### Exercise directions
Reproduce everything from the line that contains "Personalised Grand daughter" down to the line that contains "Spaghetti Top maat" in the listing below, word for word and nothing more. Leave the pictures out.

### Data for this exercise
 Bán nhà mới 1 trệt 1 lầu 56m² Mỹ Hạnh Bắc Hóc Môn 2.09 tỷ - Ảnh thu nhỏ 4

==

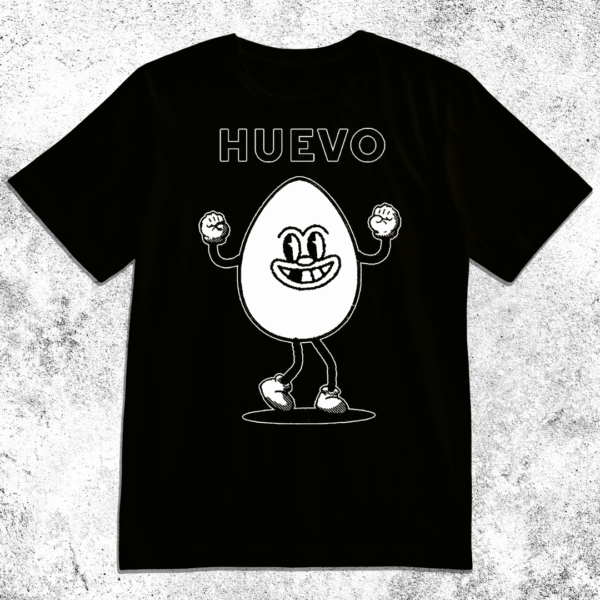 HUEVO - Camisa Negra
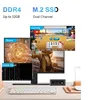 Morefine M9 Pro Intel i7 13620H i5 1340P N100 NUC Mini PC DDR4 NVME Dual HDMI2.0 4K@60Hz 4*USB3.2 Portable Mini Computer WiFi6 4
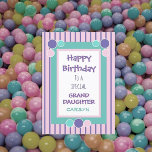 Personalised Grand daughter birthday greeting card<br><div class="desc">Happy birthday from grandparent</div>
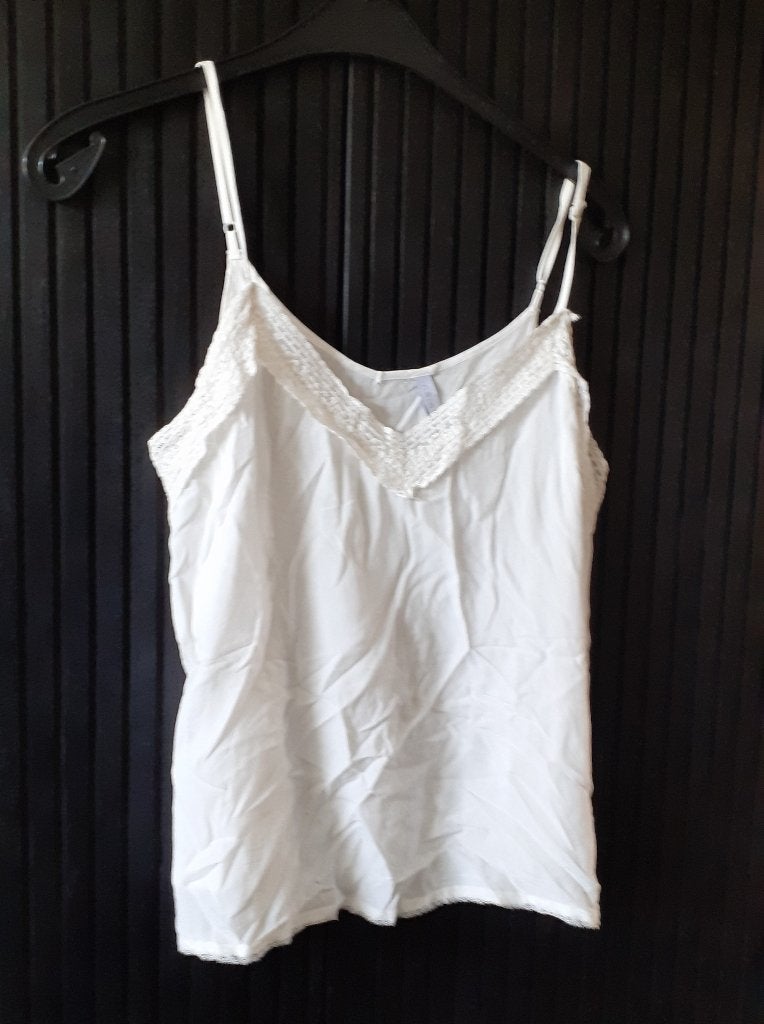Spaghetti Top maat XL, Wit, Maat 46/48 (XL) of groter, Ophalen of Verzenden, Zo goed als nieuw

### Solution for this problem
 Personalised Grand daughter birthday greeting card<br><div class="desc">Happy birthday from grandparent</div>
Spaghetti Top maat XL, Wit, Maat 46/48 (XL) of groter, Ophalen of Verzenden, Zo goed als nieuw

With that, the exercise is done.